-- DATASET --
<<<<

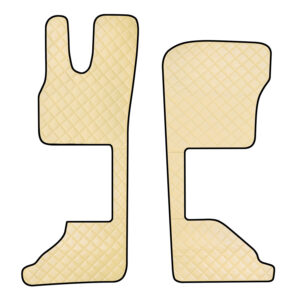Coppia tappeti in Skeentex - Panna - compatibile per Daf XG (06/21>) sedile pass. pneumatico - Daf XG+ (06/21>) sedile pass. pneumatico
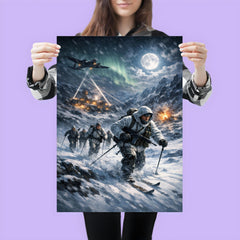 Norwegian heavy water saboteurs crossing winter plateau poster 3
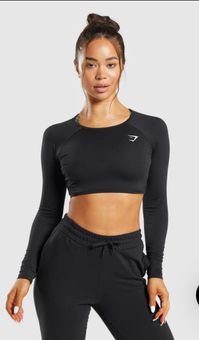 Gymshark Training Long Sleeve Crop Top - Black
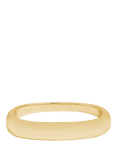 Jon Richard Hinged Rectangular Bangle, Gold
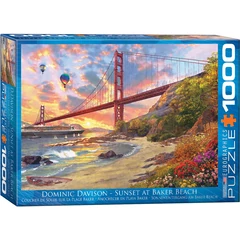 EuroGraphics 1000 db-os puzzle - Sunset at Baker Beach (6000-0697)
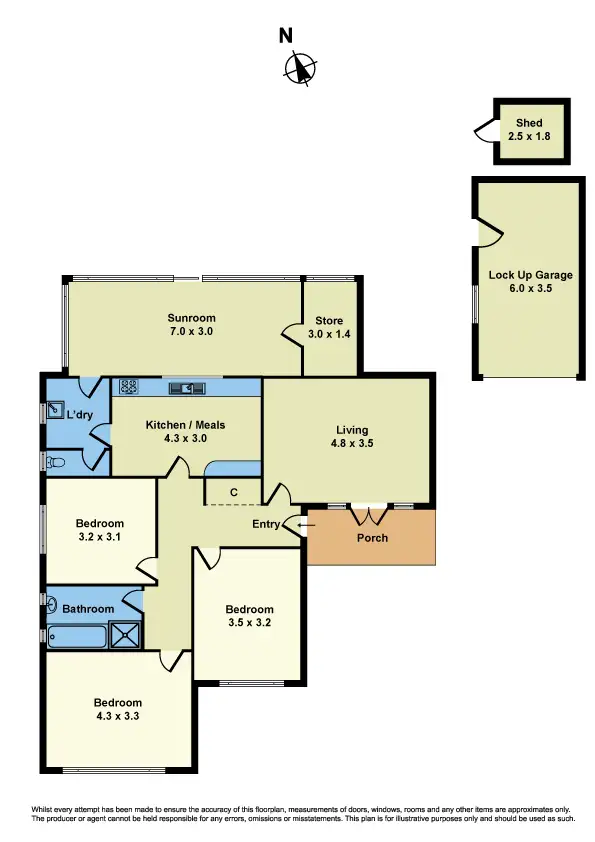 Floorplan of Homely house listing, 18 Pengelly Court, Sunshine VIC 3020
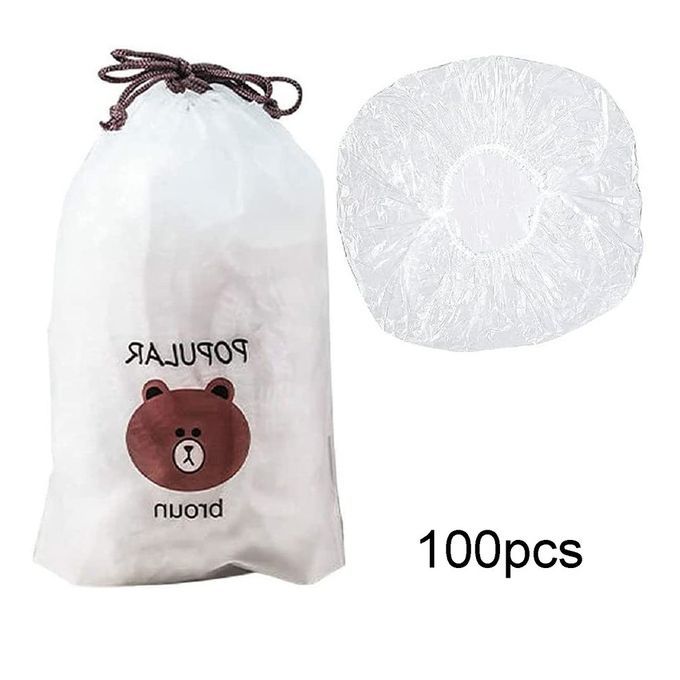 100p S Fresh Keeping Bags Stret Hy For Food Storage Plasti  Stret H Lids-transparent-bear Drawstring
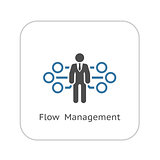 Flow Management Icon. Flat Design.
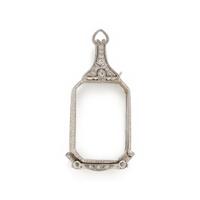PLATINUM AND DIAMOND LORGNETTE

>>>>

In the copy you write, the data above must appear exactly, with no pictures.

Coppia tappeti in Skeentex - Panna - compatibile per Daf XG (06/21>) sedile pass. pneumatico - Daf XG+ (06/21>) sedile pass. pneumatico
 Norwegian heavy water saboteurs crossing winter plateau poster 3
 Gymshark Training Long Sleeve Crop Top - Black
 Jon Richard Hinged Rectangular Bangle, Gold
 EuroGraphics 1000 db-os puzzle - Sunset at Baker Beach (6000-0697)
 Floorplan of Homely house listing, 18 Pengelly Court, Sunshine VIC 3020
 100p S Fresh Keeping Bags Stret Hy For Food Storage Plasti  Stret H Lids-transparent-bear Drawstring
 Flow Management Icon. Flat Design.
PLATINUM AND DIAMOND LORGNETTE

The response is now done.